Funding is awarded where works are needed to adapt a property to suit the changing needs of the existing tenant, or of a new tenant, where these could not reasonably have been identified when the house was originally provided.

As well as the £200,000 from City of Edinburgh Council, £86,100 was received from Glasgow City Council with the remaining £424,000 (from the £710,000 total) coming from the Scottish Government to be used across the various other council areas across Scotland.

With over 1,500 properties across 29 local authorities, Blackwood uses technology and innovation to help transform clients’ lives on a daily basis.

Keith said each year, the charity encourages clients to get in touch to see if an adaptation can help them and if they can be successful with an application for their own home.

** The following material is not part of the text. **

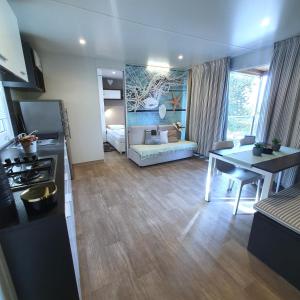 een keuken en een woonkamer met een tafel en een bank bij Mobile House 4 you, Camp Rehut in Murter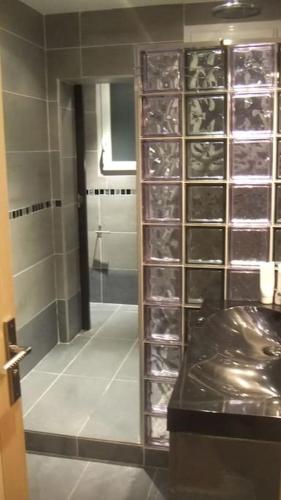 La salle de bains est pourvue d'une armoire en verre avec des bouteilles de vin. dans l'établissement APPARTEMENT PORTE CHAMPERRET, à Levallois-Perret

Blackwood Property Investment Manager Keith Abernethy image
Blackwood Property Investment Manager Keith Abernethy

He added: “Many adaptations do require an Occupational Therapist (OT) to assess and to provide us with a referral, however at Blackwood we are aware of the pressures on local Health and Social Care Partnerships so we can utilise independent OT’s to avoid lengthy waiting times.

“Other smaller adaptations like a grab rail to assist someone getting in/out of bed, on/off the toilet can be completed via a self-referral form available on our website or available via our Housing and Asset teams allowing these to often be completed within a day or two.”

The use of technology has been a component in the Blackwood philosophy to support independent living and healthy ageing and has played a major part in enabling staff to connect with tenants and care clients.

In September 2021, Blackwood Housing and Care reported a 96 percent drop in GP and emergency calls and a 98 percent customer satisfaction rating after introducing a digital support service providing round-the-clock support for people with disabilities.

The service, which was developed by the independent living specialist, allows people with disabilities to access remote care 24 hours of the day seven days a week. It eliminates the need for staff to be called out or for emergency services to be alerted.

Users have immediate access to care and support – if, for example, they have a medical issue or simply feeling anxious – via video call at the click of a button, with the service provider answering over 2,500 calls per month, with 78 percent answered within one minute.